Decoupling Shape and Texture in SAM-2 via Controlled Texture Replacement
Abstract
Segment Anything Models (SAM) have demonstrated strong generalization in object segmentation across diverse datasets. However, their training on large-scale semantic segmentation data induces a shape bias, leading to over-segmentation in texture-dominant scenes and severely limiting performance. This limitation is particularly pronounced in domains such as remote sensing and metallographic imaging, where meaningful boundaries are defined by texture variations rather than semantic structure. In this study, we investigate SAM’s shape bias and show that a simple fine-tuning strategy—based on incremental texture augmentations of semantically labeled data—can effectively calibrate this bias and guide the model toward texture-aware segmentation. By interpolating and replacing textures within \textbf{semantically} labeled regions, we generate texture-diverse instances of the same semantic category, enabling effective fine-tuning without requiring additional manual annotations.
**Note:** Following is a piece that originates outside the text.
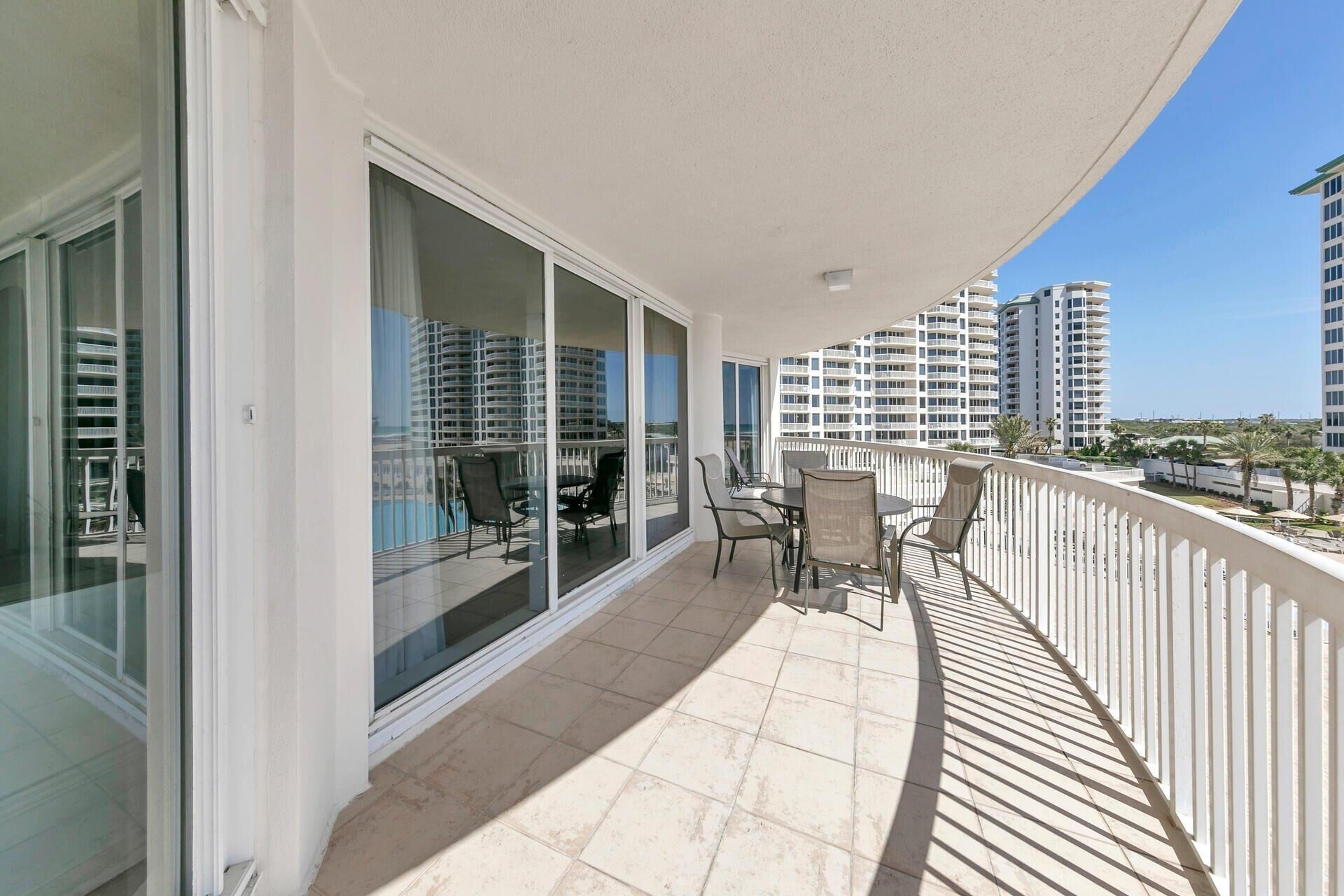 A balcony with a view of high-rise buildings, a tiled floor, and outdoor furniture.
We release both the texture-oriented variant of SAM (“TextureSAM”) and the texture-augmented dataset used in our experiments to support reproducibility and facilitate further research on shape–texture bias in foundation models. We show that this fine-tuning approach mitigates SAM-2’s shape bias, improving segmentation performance on both real-world (RWTD, +0.20 mIoU) and synthetic (STMD, +0.18 mIoU) texture segmentation benchmarks.